Liberty GB's Tim Burton thought the law was on his side. That's what he was brought up to believe. And he had not reason to doubt it - until 2014, when he referred to someone as a taqiyya artist, and the police showed up at this home to bring him in for interrogation. That was the beginning of the first of his two court cases. The first time the case was thrown out. The second time he was sentenced to 12 weeks in prison.
He's appealing. He can't let the precedent stand.
If Tim Burton wins, there could be a very healthy domino effect.
Here's how. After Tim’s trial, it was discovered that the Crown Prosecution Service expert witness (Dr Matthew Wilkinson, a Muslim convert who testified against Tim concerning the subject of taqiyya) has a major conflict of interest which he did not declare.
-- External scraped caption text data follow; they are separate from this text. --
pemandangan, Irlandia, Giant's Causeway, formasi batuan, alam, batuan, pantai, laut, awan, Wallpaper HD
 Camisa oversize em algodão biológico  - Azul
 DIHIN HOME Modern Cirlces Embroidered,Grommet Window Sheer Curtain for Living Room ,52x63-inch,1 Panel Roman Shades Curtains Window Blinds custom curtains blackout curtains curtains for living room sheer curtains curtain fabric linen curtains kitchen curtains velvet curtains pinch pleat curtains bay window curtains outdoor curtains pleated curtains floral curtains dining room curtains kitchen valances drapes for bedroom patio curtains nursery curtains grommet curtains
He also did not declare this conflict of interest in many other cases over the past three years where he was similarly called upon as an expert witness. Several of these other cases are very high profile, sometimes involving individuals who had been in Guantanamo Bay and who were only convicted because of the evidence given by Dr Wilkinson.
What is the conflict of interest? Dr Wilkinson has founded and runs his own separate organisation, Curriculum for Cohesion, which provides him with a substantial income - £314,246 over the past six years. No problem. Highly relevant, on the other hand: Curriculum for Cohesion has a patron from the highest levels of the Crown Prosecution Service - a Ms Baljit Ubhey OBE, the Chief Crown Prosecutor for the CPS in London. In other words, Dr Wilkinson receives substantial moral and material support from the Crown Prosecution Service - and yet was presented as an independent witness to the Court to assist in Tim’s prosecution.
A lot is at stake in the appeal. There's clearing Tim's name - but that is a very minor consideration. At stake is freedom of speech: the verdict against Tim sets a dangerous precedent which can be used against everyone. Finally, if the supposed expert witness is exposed as having a major conflict of interest, this may well lead to the overturning of a number of high-profile verdicts.
Will justice win?
Tim isn't about to give up.
But it's all very expensive. That's how individuals are worn down - and killed. Tommy Robinson was almost killed in prison, and was almost certain to end up with another jail term - until enough money was raised to get him top-rate legal representation.
The costs have drained much of Tim's resources. The first case cost over 10,000 pounds. The second court case cost 12,000 pounds. The appeal is costing as much as the trial.
There was some help with the first case, a little with the second. And so far, almost none with the appeal.
Freedom of speech will only stay alive if we keep fighting for it.